LAS VEGAS – The two people most responsible for the New York Islanders’ on-ice turnaround this season shouldn’t even have been there. Barry Trotz had every intention of taking the year off after winning the Stanley Cup with the Washington Capitals and Robin Lehner was a just out of rehab and newly sober, recently diagnosed with bipolar disorder, attention deficit hyperactivity disorder and post traumatic stress disorder, the kind of player NHL teams wouldn’t have even thought of going near a decade ago.
But here they both were at the NHL awards, Trotz accepting the Jack Adams Award as the league’s top coach and Lehner the Masterton Trophy for perseverance and dedication – which has essentially evolved into the NHL’s Comeback Player of the Year Award – and a share of the Jennings Trophy with Thomas Greiss. Both men delivered powerful messages this season. Trotz’s was to his players, that mediocrity would not be accepted and a culture must be established. Lehner’s was to the hockey world and beyond, that mental illness need not be stigmatized.
And he continued that message when he accepted the Masterton. “I’m not ashamed to say I’m mentally ill,” Lehner said in his acceptance speech, “but that doesn’t mean mentally weak.” It was one of the most powerful moments of the evening. And Lehner’s words rang so true. The fact that he was so upfront about his illness, both with the Islanders and the world, exhibited a special kind of fortitude. “The problem is the majority of people are not going to come out and be open about it to the team,” Lehner said. “Because as soon as that comes to light, it’s going to affect your financial future, it’s going to affect your contract negotiations…because it’s going to turn into a risk.”
And that’s where Lou Lamoriello comes in. Lamoriello will turn 77 shortly after the 2019-20 season begins, but continues to be one of the most progressive minds in the game. He was willing to give Lehner a chance, offering him a one-year deal worth $1.5 million that included a $200,000 signing bonus. Lehner was completely open about his issues with the Islanders and the fact that he shared them with the world allowed him to play without the burden of carrying his secrets around with him.
It’s one thing for it to be a great story and for Lehner to change so many lives, but none of this happens if he can’t stop the puck. Lehner has always been regarded as a talented goalie, but he never lived up to the promise until he disclosed his illness.
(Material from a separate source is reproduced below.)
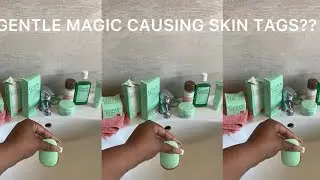 GENTLE MAGIC CAUSING SKIN TAGS..???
That is no coincidence. “You didn’t know,” Trotz said. “You have to take a leap of faith and that was a leap of faith that Lou took because of the fact we needed goaltending and he was the most talented goaltender out there. We didn’t know how it was going to play out, but we did know that he was going to get all our support and all our ability to help him. You can’t be a good player and sustain any kind of success unless your personal life is in a good place. You might be able to do it for a short time, but you won’t be able to do it long-term.”
Of course, the irony in all of this is that the team that helped and supported Lehner so much might lose him this summer. Lehner becomes an unrestricted free agent July 1 and has stated that he wants to return to the team, but you never know where things will go once two sides start negotiating. The one thing we do know is that, regardless of where Lehner ends up, he is most certainly in a better place. And he knows that by disclosing his illness, he has helped other hockey players and people. “I had a dinner with all the doctors from the (Substance Abuse and Behavioral Health) Program the other day and they obviously don’t tell me names, but they said a lot of people have reached out to them and started getting help because of me being outspoken,” Lehner said.
Speaking of getting one’s priorities in order, that’s exactly what Trotz planned to do after winning the Cup with the Capitals last season. “I was going to step away from the game,” Trotz said. “I felt certain things needed to be a little different. I made my stand and I took my agent off-guard. I was going to take some time and I was betting on myself.” But Lamoriello managed to convince Trotz that going to the Islanders would be a good move and he convinced him that a goalie with a checkered past and a mental illness diagnosis could resurrect his career.
And because of that, a team that was supposed to be tanking for a chance to draft Jack Hughes became a contender, one that improved by 23 points over the previous season and swept the Pittsburgh Penguins in the first round of the playoffs. Nobody knows what the future holds, either for the Islanders or Robin Lehner. Teams that improve the way the Islanders did sometimes regress and dealing with his mental illness will always be a challenge. He will have bad days and there will be downs, but the difference now is he’s more equipped to handle them. “Now I’m diagnosed and medicated and I’ve learned a tremendous amount,” Lehner said. “I still have a lot to learn, but it’s incredibly manageable.”